Да, можно понять горечь, испытанную автором в минуту, когда зрительный зал взрывается аплодисментами в ответ на не лишенное провокационности заявление молодого талантливого рокера, что тема его творчества – «профанация тоталитарного героизма». Заслуга наших отцов, защитивших отечество, «великое русское слово» в минуту, когда сама возможность национального бытия была поставлена под сомнение, ни в коем случае не может быть приуменьшена.
Война вызвала национальный подъем и в известной степени очистила воздух страны, сплотив народ, уставший от страха, чисток, доносов и взаимной подозрительности, в борьбе против реального, страшного, а не мнимого врага. Не случайно военная поэзия и военная проза наименее пострадали от установок «соцреализма».
Однако определять вслед за Ксенией Мяло войну как «манихейскую», как столкновение абсолютного добра с абсолютным злом, – значит, отринуть те сложные причины, которые вызывают не только глумление молодежной рок-культуры над «тоталитарным героизмом», но и полные горечи и боли размышления о войне многих ее участников.
Надо ли напоминать, что «силы света» не должны заключать тайных соглашений с «силами тьмы» и, согласно секретным статьям договоров, расширять свои владения силой? Надо ли напоминать о заградотрядах и СМЕРШе, о жестоком отказе от пленных, преданных дважды – сначала в немецких концлагерях, потом – отправкой в собственные?
О да, грустные мысли не могут не посещать нас, наблюдающих, с каким торжеством и пренебрежением отворачивается Европа от могил солдат, павших в этой войне. «Отворачивается, – пишет Ксения Мяло, – оставляя нам решать вопрос, стоявший еще перед Кутузовым: "Надо ли было, освободив собственную территорию, продвигаться в Европу, засыпая ее столь досадно для нее большим количеством солдатских костей? Надо ли было мчаться на зов: „Спасите Прагу“?»

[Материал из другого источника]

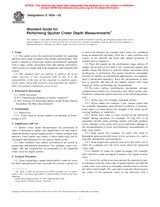 UNGÜLTIG ASTM E1634-02 10.4.2002 Ansicht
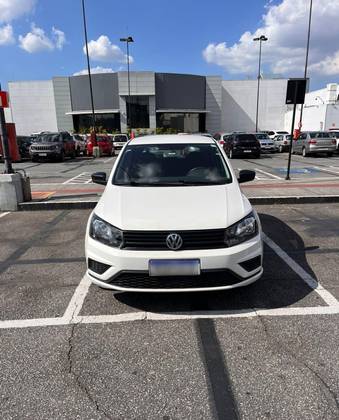 VOLKSWAGEN GOL 1.0 12V MPI TOTALFLEX 4P MANUAL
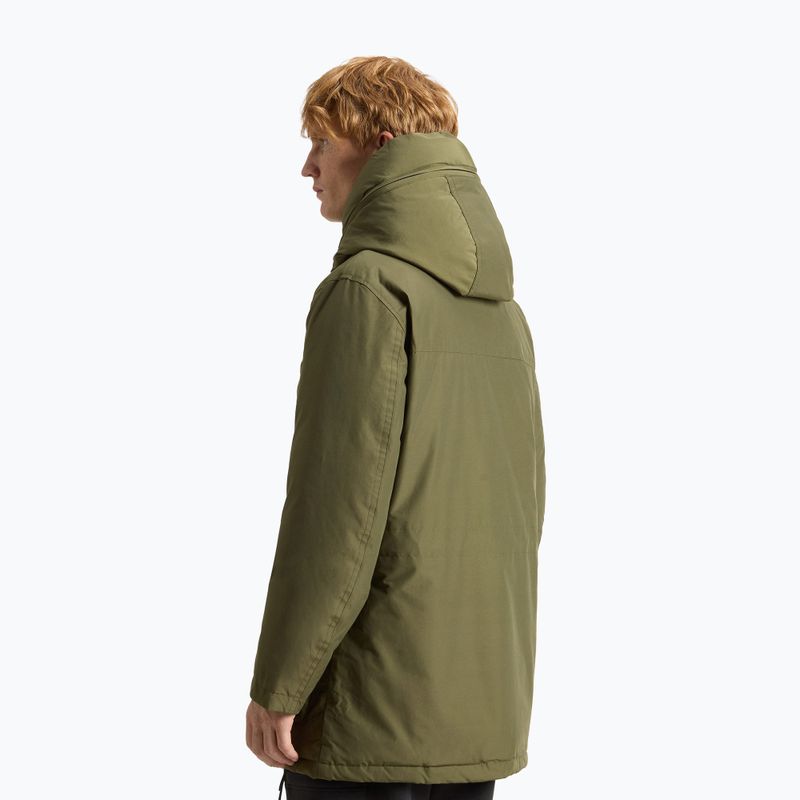 Geacă pentru bărbați Woolrich Ramar Arctic Parka greenstone 3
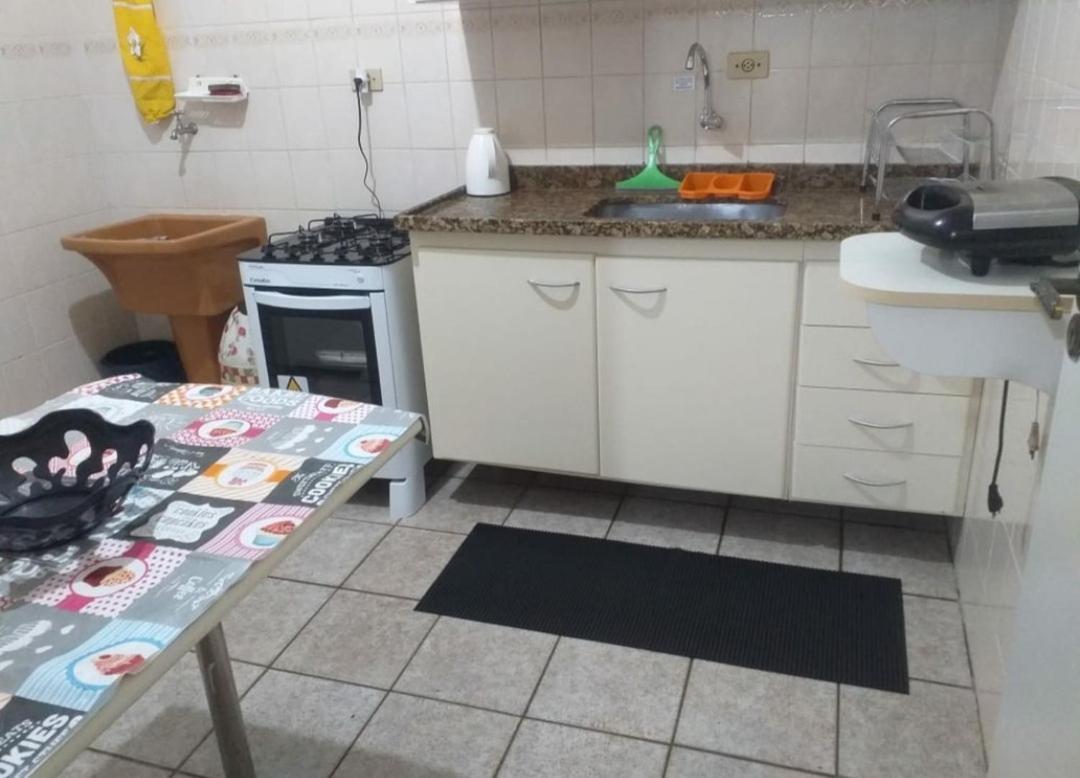 Apartamento Ubatuba Praia Grande Exteriér fotografie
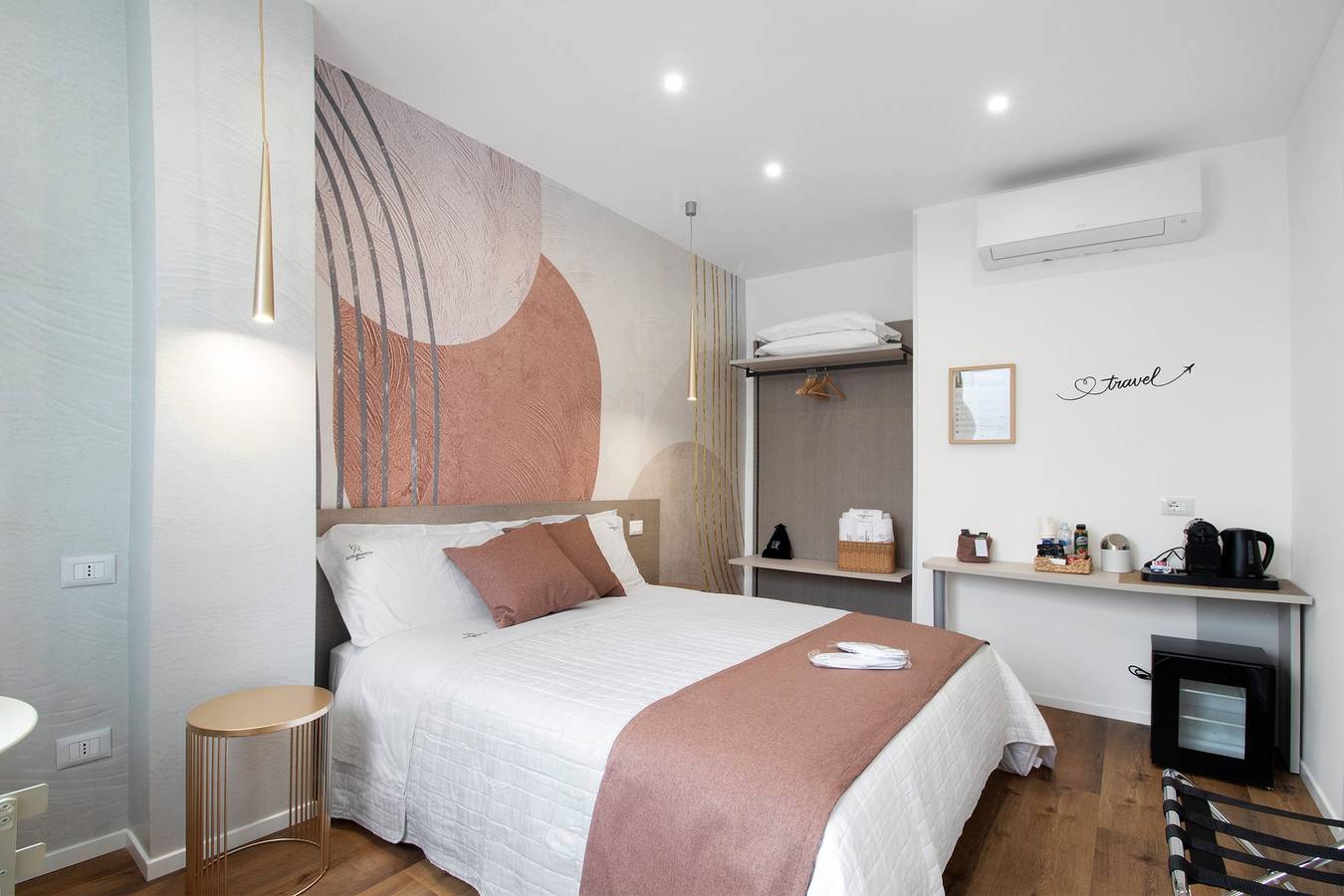 Zimmer 3 – Anita Rooms Bari in Bari, Bari Provinz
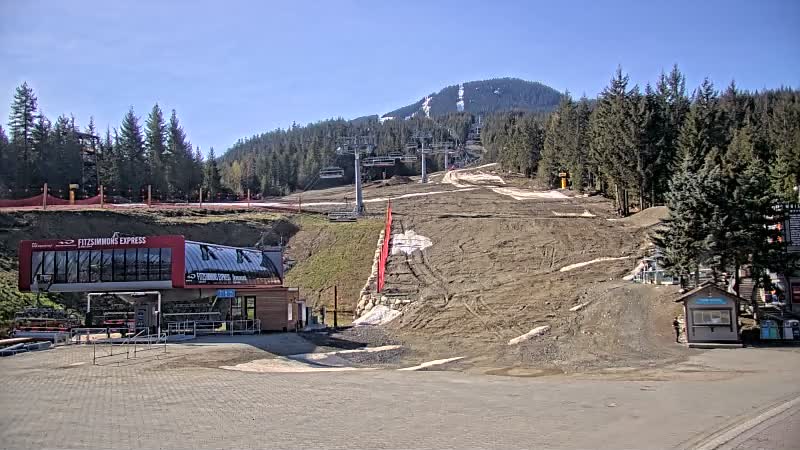 Webcam Whistler Blackcomb: Village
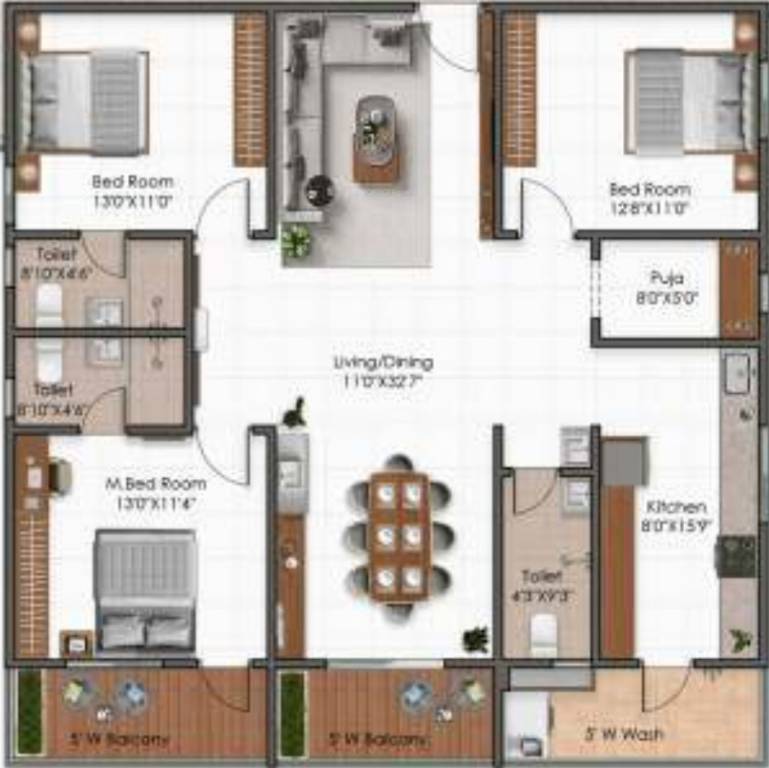 Floor Plan solitaire Floor Plan Floor Plan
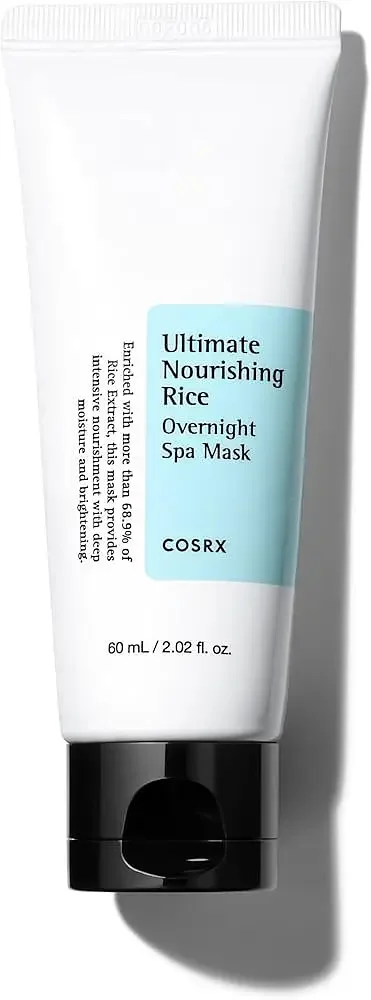 Ultimate Nourishing Rice Overnight Spa Mask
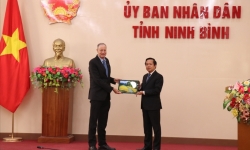 Phát triển kinh tế - xã hội từ việc đổi mới xúc tiến đầu tư tại Ninh Bình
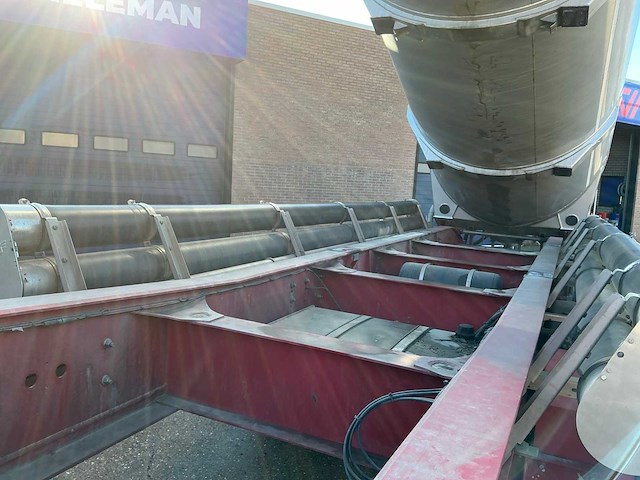 2014 lag 0-3ti bulktrailer - afbeelding 39 van  45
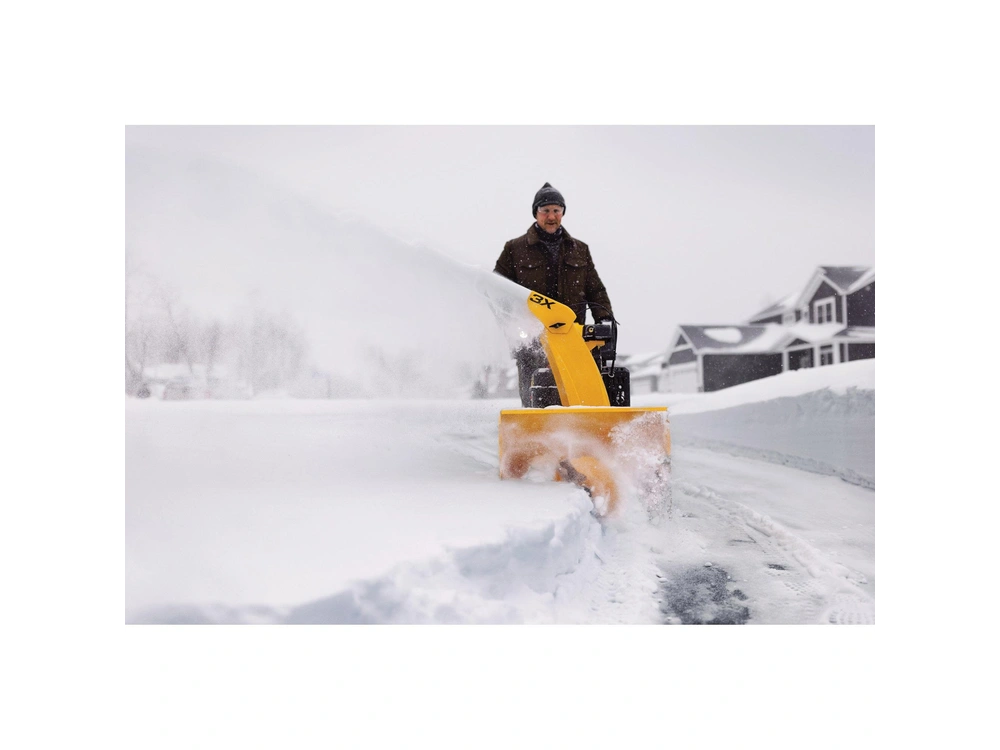 2024 Cub Cadet 3x® Three-stage Snow Blowers 3x™ 26" Intellipower® alt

Но почему тут же не задать себе еще один: отчего, с такой поспешностью откликнувшись на этот зов, мы оставили без особого внимания другой: «Спасите Варшаву» – и спокойно наблюдали с другого берега Вислы, как захлебывается в крови варшавское восстание? Не потому ли, что поддержка варшавского восстания укрепляла шансы ненавистного Сталину либерального лондонского правительства Польши? И ради установления нужного нам режима поляков оставили истекать кровью…
И как не подумать, что, ограничься мы «спасением» Праги (оттесняя занятых тем же власовцев), не навяжи ненавистного режима, – могилы наших солдат чтили бы не меньше, чем, скажем, чтут сегодня в Болгарии могилы участников штурма Плевны. И памятники тем, кто погиб в русско-турецкой войне, – не оскверняют.
Когда в 1974 году, сразу по выходе в Париже первой части «Архипелага ГУЛАГ», наемные перья искали аргументы против Солженицына, им были подсунуты эпизоды из «ГУЛАГа», которые стали ключевыми в антисолженицынской кампании. Речь идет о Власове и глубоких рассуждениях писателя, задавшего вопрос, почему столько войн вела Россия – а такого количества «изменников» у нее не было? Ответ Солженицына дается, разумеется, не на этих страницах, непосредственно власовцам посвященных, а – всей книгой, рассказывающей об Архипелаге, который угнездился в теле страны и отравил ее душу.
Если партия, «орден меченосцев», оказалась в положении завоевателя по отношению к собственному народу – то что ж удивительного, что иным, ощущающим тяжесть и чужеродность этого ига, казалось заманчивым его сбросить любыми средствами?
В «Круге первом» блестящий дипломат Иннокентий Володин, осознав опасность миру со стороны собственного режима, совершает поступок, который может быть оценен и как героизм, и как предательство. Выдать «враждебной стороне», Америке, планы советской военной разведки: как оценить это с точки зрения традиционного понимания патриотизма?